Records drawn from a dataset
• • • • •
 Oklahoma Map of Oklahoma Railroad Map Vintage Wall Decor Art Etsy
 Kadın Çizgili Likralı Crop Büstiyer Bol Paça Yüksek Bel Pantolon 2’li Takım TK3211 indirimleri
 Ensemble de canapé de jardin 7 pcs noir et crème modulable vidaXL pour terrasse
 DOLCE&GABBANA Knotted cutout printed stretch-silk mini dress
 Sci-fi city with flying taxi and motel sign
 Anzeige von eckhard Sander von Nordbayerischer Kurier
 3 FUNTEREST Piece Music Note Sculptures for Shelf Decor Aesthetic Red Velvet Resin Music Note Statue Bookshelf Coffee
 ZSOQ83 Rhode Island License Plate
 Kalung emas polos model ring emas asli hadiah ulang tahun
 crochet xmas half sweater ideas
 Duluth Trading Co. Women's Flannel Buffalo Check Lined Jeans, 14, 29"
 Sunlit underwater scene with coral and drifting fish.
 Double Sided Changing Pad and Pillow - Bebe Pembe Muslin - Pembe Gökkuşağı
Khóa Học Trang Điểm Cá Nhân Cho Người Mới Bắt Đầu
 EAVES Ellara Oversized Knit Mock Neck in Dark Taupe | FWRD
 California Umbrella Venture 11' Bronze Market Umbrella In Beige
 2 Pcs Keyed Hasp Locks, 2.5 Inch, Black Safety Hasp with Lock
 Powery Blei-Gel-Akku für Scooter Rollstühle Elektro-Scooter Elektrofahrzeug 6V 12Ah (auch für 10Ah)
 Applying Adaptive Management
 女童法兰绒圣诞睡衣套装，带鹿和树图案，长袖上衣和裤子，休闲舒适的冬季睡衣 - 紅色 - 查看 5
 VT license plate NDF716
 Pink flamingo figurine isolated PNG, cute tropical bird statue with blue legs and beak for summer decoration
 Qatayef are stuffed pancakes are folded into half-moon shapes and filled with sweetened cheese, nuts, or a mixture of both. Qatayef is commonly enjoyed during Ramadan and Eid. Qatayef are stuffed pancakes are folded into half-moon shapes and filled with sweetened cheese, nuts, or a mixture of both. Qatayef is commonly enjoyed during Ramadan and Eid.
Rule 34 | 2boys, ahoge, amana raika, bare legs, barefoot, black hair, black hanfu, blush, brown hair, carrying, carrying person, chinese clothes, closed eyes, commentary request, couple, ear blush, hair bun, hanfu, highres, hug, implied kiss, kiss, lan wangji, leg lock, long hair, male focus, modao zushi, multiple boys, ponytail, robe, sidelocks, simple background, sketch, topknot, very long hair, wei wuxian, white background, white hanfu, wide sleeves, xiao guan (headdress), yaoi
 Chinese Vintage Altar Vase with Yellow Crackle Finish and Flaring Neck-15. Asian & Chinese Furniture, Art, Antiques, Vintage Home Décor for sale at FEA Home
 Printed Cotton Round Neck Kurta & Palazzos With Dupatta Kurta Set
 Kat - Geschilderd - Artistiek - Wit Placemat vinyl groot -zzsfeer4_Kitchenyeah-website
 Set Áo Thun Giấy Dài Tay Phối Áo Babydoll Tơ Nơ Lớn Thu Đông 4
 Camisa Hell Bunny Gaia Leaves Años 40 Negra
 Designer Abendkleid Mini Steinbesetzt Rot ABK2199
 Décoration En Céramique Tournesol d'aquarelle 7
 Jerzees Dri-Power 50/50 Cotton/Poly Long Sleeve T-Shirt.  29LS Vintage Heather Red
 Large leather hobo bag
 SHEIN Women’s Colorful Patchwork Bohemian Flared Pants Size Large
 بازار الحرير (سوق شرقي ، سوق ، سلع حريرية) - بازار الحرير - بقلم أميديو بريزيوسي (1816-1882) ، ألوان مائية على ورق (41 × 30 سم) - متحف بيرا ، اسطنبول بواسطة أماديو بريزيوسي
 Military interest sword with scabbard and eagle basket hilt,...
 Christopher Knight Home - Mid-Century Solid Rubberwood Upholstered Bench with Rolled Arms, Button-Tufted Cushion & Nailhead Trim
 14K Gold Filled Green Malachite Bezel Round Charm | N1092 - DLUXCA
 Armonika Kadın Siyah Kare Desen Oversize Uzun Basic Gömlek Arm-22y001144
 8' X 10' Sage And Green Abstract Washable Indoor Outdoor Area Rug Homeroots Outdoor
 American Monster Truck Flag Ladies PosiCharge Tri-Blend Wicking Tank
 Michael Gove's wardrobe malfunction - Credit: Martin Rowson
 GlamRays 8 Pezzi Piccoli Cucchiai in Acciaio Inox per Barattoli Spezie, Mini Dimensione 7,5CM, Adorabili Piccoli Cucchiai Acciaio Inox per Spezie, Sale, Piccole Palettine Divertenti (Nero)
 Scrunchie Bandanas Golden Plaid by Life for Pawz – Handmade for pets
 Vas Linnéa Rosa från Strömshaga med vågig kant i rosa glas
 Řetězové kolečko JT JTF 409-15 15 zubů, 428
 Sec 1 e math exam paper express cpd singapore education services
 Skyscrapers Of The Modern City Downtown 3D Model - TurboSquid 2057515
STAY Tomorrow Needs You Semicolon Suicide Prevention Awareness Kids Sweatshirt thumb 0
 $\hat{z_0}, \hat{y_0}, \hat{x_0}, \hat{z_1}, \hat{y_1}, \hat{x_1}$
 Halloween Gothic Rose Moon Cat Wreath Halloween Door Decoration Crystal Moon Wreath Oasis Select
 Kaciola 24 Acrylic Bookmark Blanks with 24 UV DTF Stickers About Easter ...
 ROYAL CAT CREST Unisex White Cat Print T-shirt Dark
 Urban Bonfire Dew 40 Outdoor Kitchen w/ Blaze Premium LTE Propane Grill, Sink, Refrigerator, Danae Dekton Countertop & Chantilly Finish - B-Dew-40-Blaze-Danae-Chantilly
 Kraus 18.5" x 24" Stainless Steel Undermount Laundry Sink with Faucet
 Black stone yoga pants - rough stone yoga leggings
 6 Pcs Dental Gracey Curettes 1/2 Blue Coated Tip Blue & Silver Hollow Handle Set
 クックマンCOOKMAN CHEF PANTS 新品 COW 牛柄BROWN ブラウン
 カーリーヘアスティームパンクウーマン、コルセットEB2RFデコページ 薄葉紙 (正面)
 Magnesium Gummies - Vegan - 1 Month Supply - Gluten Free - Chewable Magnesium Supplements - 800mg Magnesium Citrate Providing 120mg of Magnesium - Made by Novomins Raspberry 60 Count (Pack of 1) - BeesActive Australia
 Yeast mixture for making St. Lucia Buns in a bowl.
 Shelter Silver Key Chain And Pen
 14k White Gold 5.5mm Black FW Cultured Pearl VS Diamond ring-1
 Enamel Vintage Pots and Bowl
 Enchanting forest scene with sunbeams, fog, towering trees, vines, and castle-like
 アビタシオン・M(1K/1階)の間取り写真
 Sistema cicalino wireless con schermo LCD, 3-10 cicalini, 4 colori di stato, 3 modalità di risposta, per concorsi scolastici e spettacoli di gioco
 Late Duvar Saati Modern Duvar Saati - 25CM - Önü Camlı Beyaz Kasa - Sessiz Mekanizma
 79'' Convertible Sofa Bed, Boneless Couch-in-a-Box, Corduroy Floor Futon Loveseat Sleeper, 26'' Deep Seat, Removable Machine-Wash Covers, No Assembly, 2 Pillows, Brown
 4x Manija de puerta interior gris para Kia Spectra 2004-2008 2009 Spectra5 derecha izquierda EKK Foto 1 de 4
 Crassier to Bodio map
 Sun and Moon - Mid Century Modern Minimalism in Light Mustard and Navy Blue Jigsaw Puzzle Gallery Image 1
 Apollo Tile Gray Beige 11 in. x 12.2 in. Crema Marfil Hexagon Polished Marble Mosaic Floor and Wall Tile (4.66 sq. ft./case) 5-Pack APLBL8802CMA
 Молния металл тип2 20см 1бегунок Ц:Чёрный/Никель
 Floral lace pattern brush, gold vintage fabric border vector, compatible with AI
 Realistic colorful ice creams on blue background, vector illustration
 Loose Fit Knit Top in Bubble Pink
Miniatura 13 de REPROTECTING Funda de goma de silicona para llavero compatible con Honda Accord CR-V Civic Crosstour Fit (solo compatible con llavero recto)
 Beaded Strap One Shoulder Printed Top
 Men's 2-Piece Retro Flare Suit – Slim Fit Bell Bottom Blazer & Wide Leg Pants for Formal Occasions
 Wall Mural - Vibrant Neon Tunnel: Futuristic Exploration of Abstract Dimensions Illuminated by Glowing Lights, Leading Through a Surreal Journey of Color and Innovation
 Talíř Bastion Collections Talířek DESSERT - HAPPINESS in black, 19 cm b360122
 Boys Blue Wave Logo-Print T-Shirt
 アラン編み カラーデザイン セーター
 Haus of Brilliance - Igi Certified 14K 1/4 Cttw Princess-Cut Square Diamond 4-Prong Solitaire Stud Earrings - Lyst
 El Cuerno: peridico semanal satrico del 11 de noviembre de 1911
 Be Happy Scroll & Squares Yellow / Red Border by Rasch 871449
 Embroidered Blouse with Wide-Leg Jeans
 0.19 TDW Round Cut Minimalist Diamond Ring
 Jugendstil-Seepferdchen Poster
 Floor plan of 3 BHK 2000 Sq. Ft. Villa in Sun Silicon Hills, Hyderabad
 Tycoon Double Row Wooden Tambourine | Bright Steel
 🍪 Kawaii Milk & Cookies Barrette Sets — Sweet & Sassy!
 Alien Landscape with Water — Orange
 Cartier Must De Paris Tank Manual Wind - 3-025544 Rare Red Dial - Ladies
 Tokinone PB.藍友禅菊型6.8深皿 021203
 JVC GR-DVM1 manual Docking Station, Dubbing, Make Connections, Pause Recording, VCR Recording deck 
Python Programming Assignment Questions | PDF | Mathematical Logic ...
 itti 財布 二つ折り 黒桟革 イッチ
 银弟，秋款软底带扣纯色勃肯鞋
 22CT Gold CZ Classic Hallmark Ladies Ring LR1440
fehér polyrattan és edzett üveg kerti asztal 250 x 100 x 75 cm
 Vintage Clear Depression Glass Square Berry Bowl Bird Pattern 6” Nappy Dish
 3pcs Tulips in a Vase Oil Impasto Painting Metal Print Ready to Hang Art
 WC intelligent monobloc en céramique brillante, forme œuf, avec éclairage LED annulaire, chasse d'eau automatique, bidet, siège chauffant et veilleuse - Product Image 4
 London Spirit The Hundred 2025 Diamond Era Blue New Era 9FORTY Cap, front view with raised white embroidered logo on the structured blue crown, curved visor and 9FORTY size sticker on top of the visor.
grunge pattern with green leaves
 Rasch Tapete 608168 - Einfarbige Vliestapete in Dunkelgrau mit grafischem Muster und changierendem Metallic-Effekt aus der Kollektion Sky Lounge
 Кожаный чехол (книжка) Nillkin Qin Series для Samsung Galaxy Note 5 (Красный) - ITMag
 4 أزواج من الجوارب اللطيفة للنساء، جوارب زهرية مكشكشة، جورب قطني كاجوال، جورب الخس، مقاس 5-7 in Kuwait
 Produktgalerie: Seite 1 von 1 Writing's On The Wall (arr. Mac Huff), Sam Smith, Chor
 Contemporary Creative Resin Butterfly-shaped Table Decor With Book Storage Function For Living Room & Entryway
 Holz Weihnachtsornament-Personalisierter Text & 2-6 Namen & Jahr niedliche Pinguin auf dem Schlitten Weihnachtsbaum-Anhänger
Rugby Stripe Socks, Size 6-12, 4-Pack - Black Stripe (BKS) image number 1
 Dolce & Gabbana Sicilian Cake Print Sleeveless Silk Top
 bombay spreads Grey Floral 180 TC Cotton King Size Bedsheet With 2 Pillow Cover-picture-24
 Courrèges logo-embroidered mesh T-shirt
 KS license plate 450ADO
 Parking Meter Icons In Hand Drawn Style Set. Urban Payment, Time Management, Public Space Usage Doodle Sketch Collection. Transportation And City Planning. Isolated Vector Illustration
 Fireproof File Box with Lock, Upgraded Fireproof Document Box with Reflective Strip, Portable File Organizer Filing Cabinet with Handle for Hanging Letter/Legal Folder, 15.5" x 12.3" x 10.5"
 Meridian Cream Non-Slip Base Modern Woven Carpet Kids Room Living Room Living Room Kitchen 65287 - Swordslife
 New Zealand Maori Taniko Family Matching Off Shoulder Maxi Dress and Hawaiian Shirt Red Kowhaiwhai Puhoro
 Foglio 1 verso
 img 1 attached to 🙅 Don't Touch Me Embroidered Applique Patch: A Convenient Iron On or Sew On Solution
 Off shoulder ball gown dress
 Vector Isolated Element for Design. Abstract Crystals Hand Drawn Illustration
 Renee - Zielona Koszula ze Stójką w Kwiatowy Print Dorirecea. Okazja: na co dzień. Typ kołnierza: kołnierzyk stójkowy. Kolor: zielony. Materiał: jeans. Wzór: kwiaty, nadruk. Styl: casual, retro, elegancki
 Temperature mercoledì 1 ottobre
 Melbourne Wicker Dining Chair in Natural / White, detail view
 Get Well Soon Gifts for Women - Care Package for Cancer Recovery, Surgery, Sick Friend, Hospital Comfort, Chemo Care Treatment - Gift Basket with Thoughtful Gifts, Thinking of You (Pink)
• • • • •
» What to work on
Every line above from the line with "22CT Gold CZ" to the line with "Meridian Cream Non-Slip", both included, must be reproduced exactly, and no other line may appear.

» Solved problem
 22CT Gold CZ Classic Hallmark Ladies Ring LR1440
fehér polyrattan és edzett üveg kerti asztal 250 x 100 x 75 cm
 Vintage Clear Depression Glass Square Berry Bowl Bird Pattern 6” Nappy Dish
 3pcs Tulips in a Vase Oil Impasto Painting Metal Print Ready to Hang Art
 WC intelligent monobloc en céramique brillante, forme œuf, avec éclairage LED annulaire, chasse d'eau automatique, bidet, siège chauffant et veilleuse - Product Image 4
 London Spirit The Hundred 2025 Diamond Era Blue New Era 9FORTY Cap, front view with raised white embroidered logo on the structured blue crown, curved visor and 9FORTY size sticker on top of the visor.
grunge pattern with green leaves
 Rasch Tapete 608168 - Einfarbige Vliestapete in Dunkelgrau mit grafischem Muster und changierendem Metallic-Effekt aus der Kollektion Sky Lounge
 Кожаный чехол (книжка) Nillkin Qin Series для Samsung Galaxy Note 5 (Красный) - ITMag
 4 أزواج من الجوارب اللطيفة للنساء، جوارب زهرية مكشكشة، جورب قطني كاجوال، جورب الخس، مقاس 5-7 in Kuwait
 Produktgalerie: Seite 1 von 1 Writing's On The Wall (arr. Mac Huff), Sam Smith, Chor
 Contemporary Creative Resin Butterfly-shaped Table Decor With Book Storage Function For Living Room & Entryway
 Holz Weihnachtsornament-Personalisierter Text & 2-6 Namen & Jahr niedliche Pinguin auf dem Schlitten Weihnachtsbaum-Anhänger
Rugby Stripe Socks, Size 6-12, 4-Pack - Black Stripe (BKS) image number 1
 Dolce & Gabbana Sicilian Cake Print Sleeveless Silk Top
 bombay spreads Grey Floral 180 TC Cotton King Size Bedsheet With 2 Pillow Cover-picture-24
 Courrèges logo-embroidered mesh T-shirt
 KS license plate 450ADO
 Parking Meter Icons In Hand Drawn Style Set. Urban Payment, Time Management, Public Space Usage Doodle Sketch Collection. Transportation And City Planning. Isolated Vector Illustration
 Fireproof File Box with Lock, Upgraded Fireproof Document Box with Reflective Strip, Portable File Organizer Filing Cabinet with Handle for Hanging Letter/Legal Folder, 15.5" x 12.3" x 10.5"
 Meridian Cream Non-Slip Base Modern Woven Carpet Kids Room Living Room Living Room Kitchen 65287 - Swordslife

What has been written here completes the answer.